Short web captions
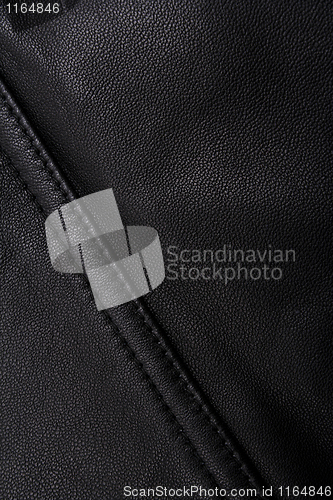 Image of Pocket on the black leather texture can use as background 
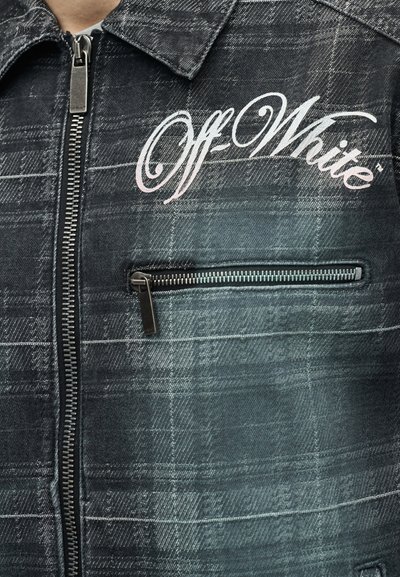 Σκούρο καρό μπουφάν με φερμουάρ μπροστά και τσέπη στο στήθος με φερμουάρ, με λογότυπο "Off-White" σε λευκά καλλιγραφικά γράμματα στο αριστερό στήθος.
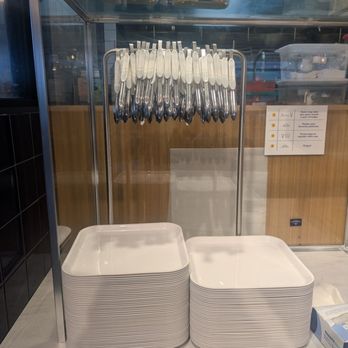 Paris Baguette - Customers use the trays and tongs to select their items. - Coffee & Tea Near Me - Virginia Beach, Virginia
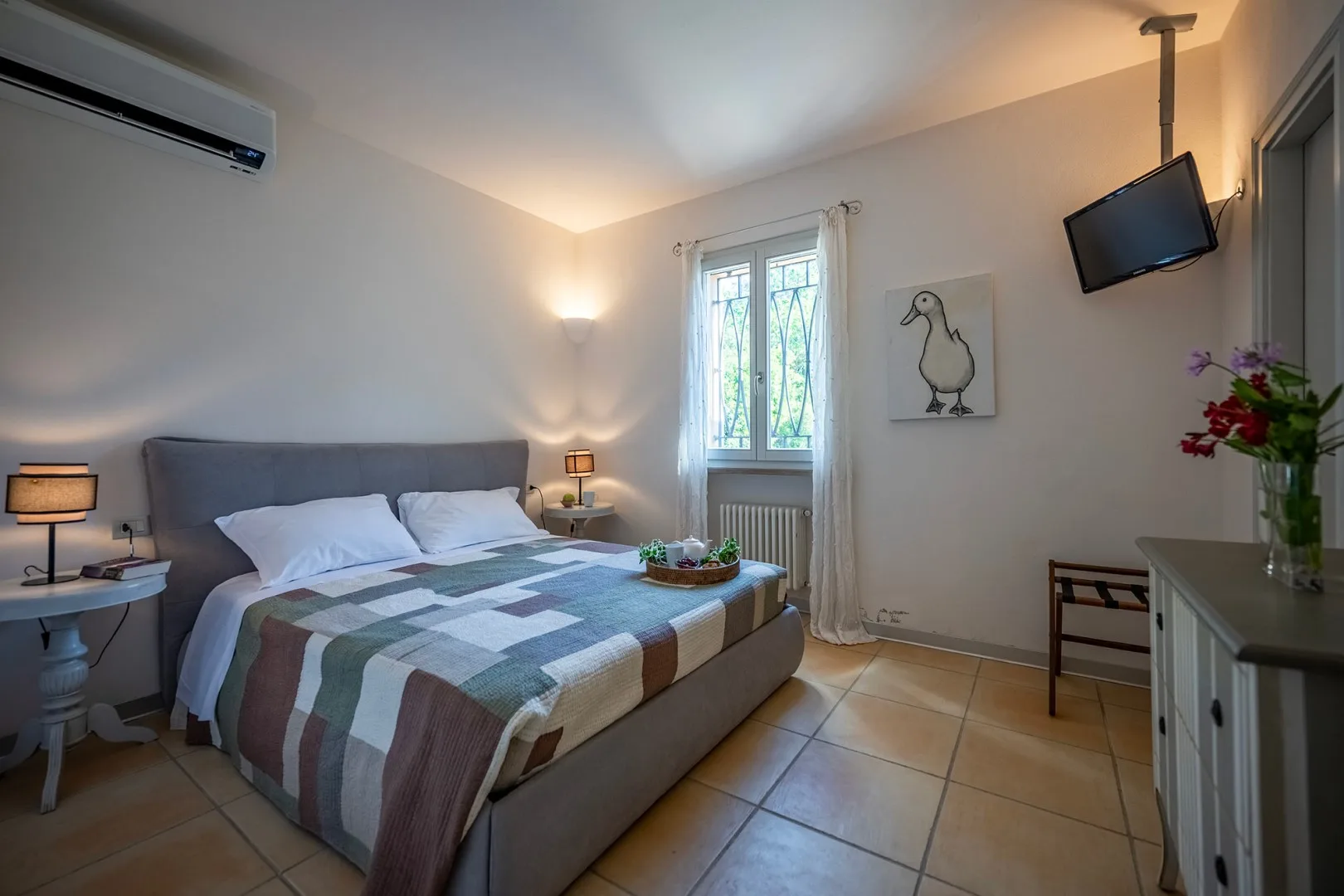 Un dormitorio con una cama tendida, una ventana y mesitas de noche.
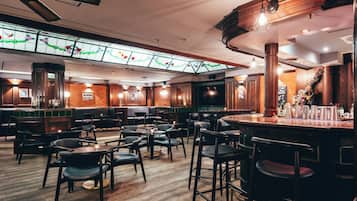 Un espace bar avec des tabourets de bar en bois, un plafond haut avec des poutres apparentes et un vitrail au-dessus.
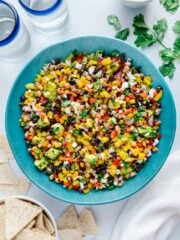 The best cowboy caviar in a large blue bowl alongside tortilla chips and fresh cilantro with a white background.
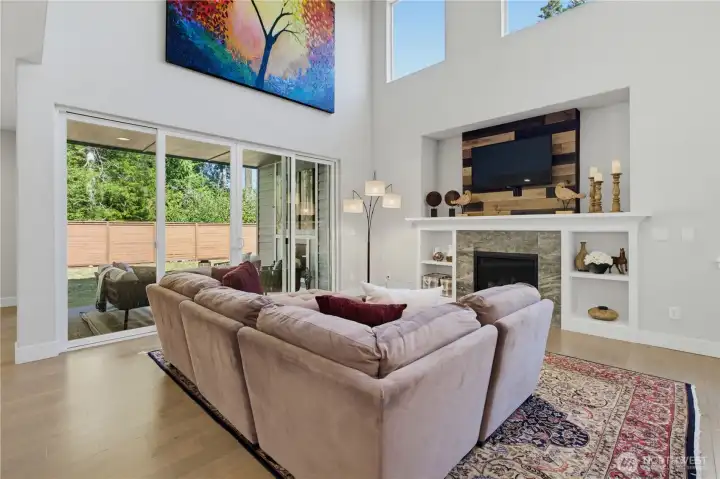 Designed for open, airy living with three doors that open to the covered patio. Designed for open, airy living with three doors that open to the covered patio.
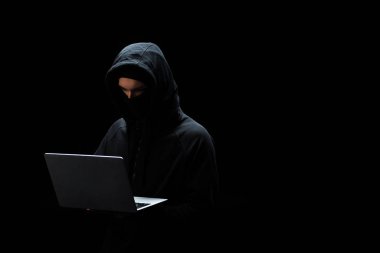Siyah üzerine izole edilmiş dizüstü bilgisayar kullanan maskeli ve başlıklı bilgisayar korsanı 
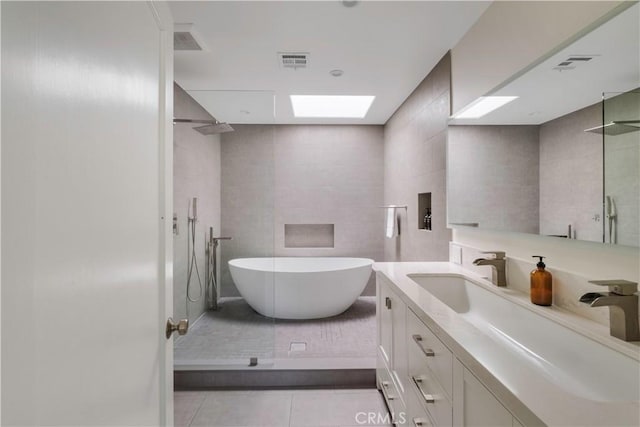 full bathroom featuring vanity, visible vents, tile patterned flooring, a walk in shower, and tile walls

- [Work to be completed]: The lines to repeat start at the one holding "Un espace bar" and run through the last line of the records above; write them out exactly, both ends included, but not the pictures.

- [Result of this exercise]:
 Un espace bar avec des tabourets de bar en bois, un plafond haut avec des poutres apparentes et un vitrail au-dessus.
 The best cowboy caviar in a large blue bowl alongside tortilla chips and fresh cilantro with a white background.
 Designed for open, airy living with three doors that open to the covered patio. Designed for open, airy living with three doors that open to the covered patio.
Siyah üzerine izole edilmiş dizüstü bilgisayar kullanan maskeli ve başlıklı bilgisayar korsanı 
 full bathroom featuring vanity, visible vents, tile patterned flooring, a walk in shower, and tile walls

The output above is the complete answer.